Comme à l'accoutumée nous serons saisi par une
esthétisme irréprochable... Ce noir et blanc profond
et déjà troublant, ces plans définitivement
ingénieux : de la hauteur de caméra à son
angulation, en passant par les cadrages savamment pensés,
significativement composés, ou encore les mouvements
à l'intelligence rdoutable. Beau de A à Z.
Mais un film de Kubrick ne s'arrête pas à n'être
qu'une chef d'oeuvre visuel : on trouvera peut-être que
le scénario est un peu prompt à lancer son histoire
d'amour douteuse, cependant ce sera pour mieux recentrer tout
son intérêt, non pas sur le "love at first
sight", mais la relation anxiogène, toxique qui
va s'ensuivre. Et cela débouche sur un terrible jeu de
manipulation, d'ambiguïté, un jeu de séduction,
de mensonges odieux, de jalousie -jusqu'à la folie, où
Lolita devient un objet de passion & de passion amoureuse
; Kubrick poursuit son exploration de l'âme torturée
de l'espèce humaine. Il y a également tout une
impressionnante symbolique qui sera utilisée au gré
du métrage : des premières images dans le brouillard
jusqu'à la référence à l'existentialisme,
en passant par le tir sur le portrait de la jeune fille ou encore
la pièce de théâtre introduisant un satyre.

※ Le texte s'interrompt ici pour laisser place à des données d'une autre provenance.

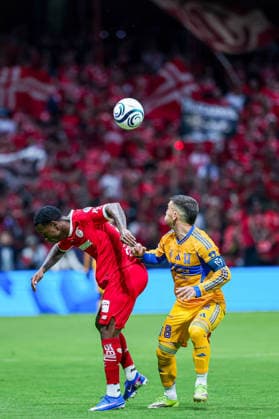 CONCACAF CHAMPIONS CUP 2026 CONCACAF CHAMPIONS CUP 2026 TOLUCA VS TIGRES UANL 30052026 TOLUCA, ESTADO DE MEXICO. Action photo of Helihno (L) of Diablos Rojos del Toluca and Fernando Gorriaran (R) of Tigres UANL, during title game of the CONCACAF Champions Cup 2026 at the Estadio Nemesio Diez of Toluca, Estado de Mexico, Mexico. Foto de accion de Helihno (L) of Diablos Rojos del Toluca and Fernando Gorriaran (R) of Tigres UANL, durante juego por el titulo de la CONCACAF Champions Cup 2026, celebrado en el Estadio Nemesio Diez de Toluca, Estado de Mexico, Mexico en contra de Tigres UANL. Photo by IMAGENSHOP AGENCIA FOTOGRAFICA TOLUCA ESTADO DE MEXICO MEXICO Copyright: xIMAGENSHOPxAGENCIAxFOTOGRAFICAx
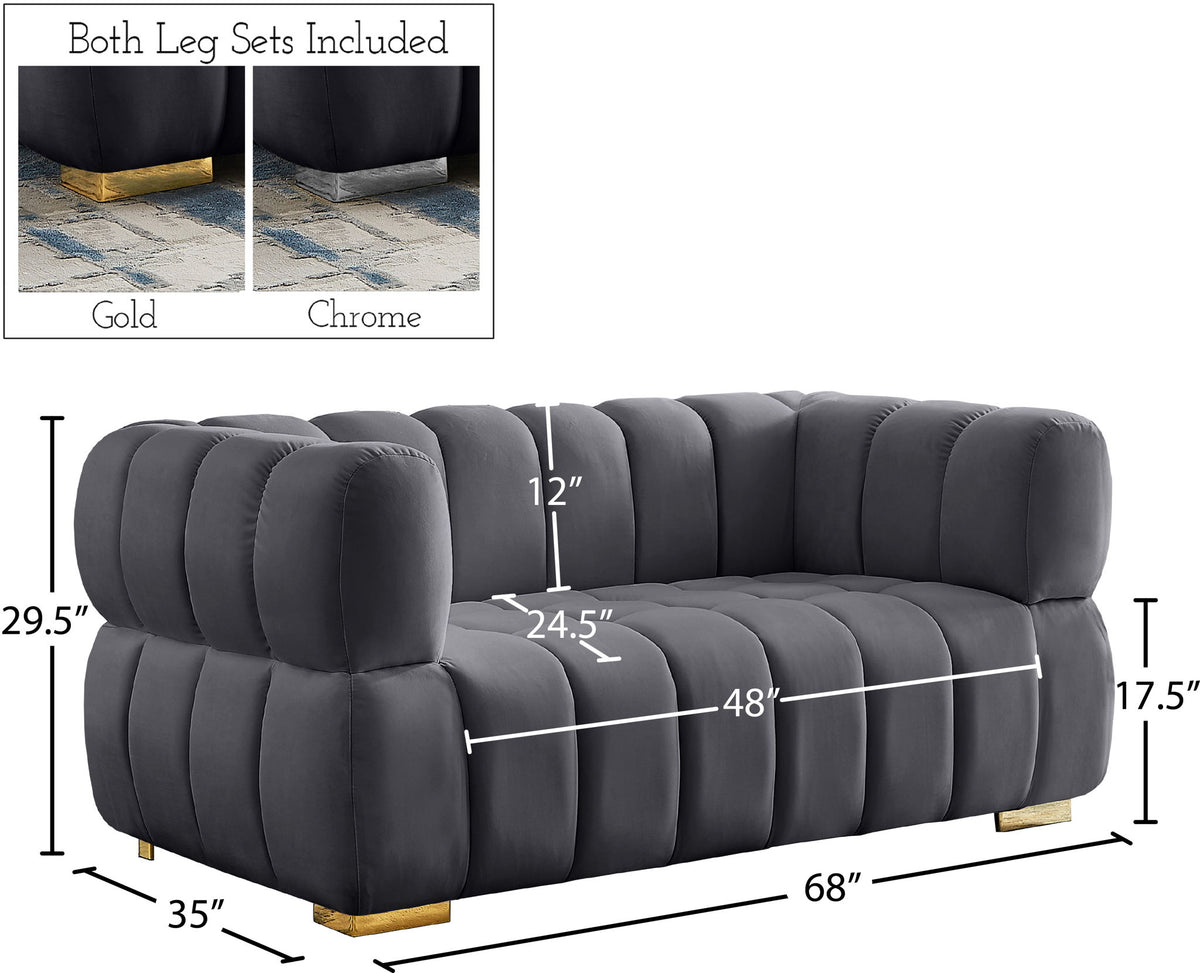 Gwen - Loveseat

Sur le thème difficile et délicat de la pédophilie,
Kubrick s'en tire haut la main, traitant le sujet comme une
étude clinique, le disséquant à la fois
avec beaucoup de finesse, de profondeur et de pudeur.
Mason est imbibé de son rôle. S. Lyon est d'une
justesse incroyable : vénéneuse, légère,
manipulatrice, faussement fragile, objet des pires fantasmes.
Terriblement belle. P. Sellers est absolument fabuleux en transformiste,
penchant soit-disant moral (du flic au psychiatre) et plus léger
de l'histoire, mais finissant par sombrer pour mieux souligner
le défaitisme de l'auteur / des auteurs.